Maurice and Thierry of the Congolese community simultaneously represented the Tacoma Refugee Choir along with its director Woody. Dr Ijazulhaq Ismael Zada spoke in representation of the Tacoma Afghan Community. Iuliia Didkivska spoke in representation the Ukranian Community. The Nile Collective included speakers Tasneem Amer, Atong Miyar and Yarangel John.
Louisa Beal from the Board of Directors of AIDNW was on hand representing our organization along with on-the-ground volunteers Chris Chisholm and Malachi Cabera who stood alongside CIRA commissioners and the representatives from community organizations supporting immigrants in our community.
After Tacoma Mayor Victoria Woodards read the International Migrants Day Proclamation aloud, she introduced Commissioner Castro, who in turn introduced the partner organizations she invited to speak, and finally members of The Nile Collective who shared about the current situation in Sudan. “Escalating violence and new atrocities in Sudan have pushed the humanitarian crisis to unprecedented levels, with displacement now exceeding 11 million people amid reports of mass killings and systematic-sexual violence across multiple regions,” according to UN officials.
What the speakers shared is exactly why all the organizations present including AIDNW do their work welcoming and supporting immigrants in our community. International Migrants Day was created by the United Nations for this reason: to raise awareness of why migrants need support, and the City of Tacoma affirmed this day because it’s critical that our community supports immigrants who make up so much of our population.
In fact, at least 15% of Washington State residents are foreign born, according to the American Immigration Council, and other recent sources put the figure higher than that. The mayor and at least some of the speakers participating in the proclamation alluded to realities such as if it weren’t for immigrants in our state, the economy would be a fraction of its current strength. Can you imagine a day without migrants at work in the U.S.?
The United Nations background page on International Migrants Day states that “On 4 December 2000, the General Assembly, taking into account the large and increasing number of migrants in the world, proclaimed 18 December International Migrants Day…. On that day, in 1990, the Assembly adopted the International Convention on the Protection of the Rights of All Migrant Workers and Members of Their Families…..
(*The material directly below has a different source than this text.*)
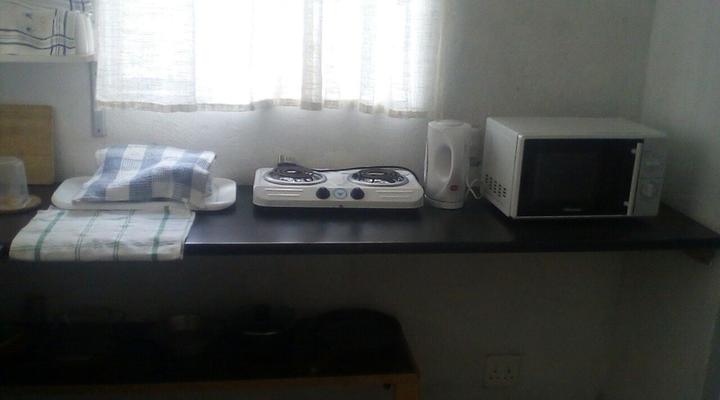 Stillewaters Self Catering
“In December 2018, the Intergovernmental Conference to Adopt the Global Compact for Safe, Orderly and Regular Migration in Marrakech adopted the Global Compact. Grounded in values of state sovereignty, responsibility-sharing, non-discrimination, and human rights, it recognizes that a cooperative approach is needed to optimize the overall benefits of migration, while addressing its risks and challenges for individuals and communities in countries of origin, transit and destination.”
This year, the United Nations is focusing International Migrants Day “Towards Safer Migration” with its 2024 GCM Implementation Report which “introduces key recommendations on providing humanitarian assistance to migrants in distress and strengthening cooperation on missing migrants, including concrete proposals to prevent migrants from dying or going missing, enhance search and identification efforts, support affected families, provide justice, accountability and redress, collect data on migrant deaths and disappearances and share migration forecasting data to optimize humanitarian assistance.”
And its “recommendations are only effective through collective action. Time is running out, and lives must be saved now.”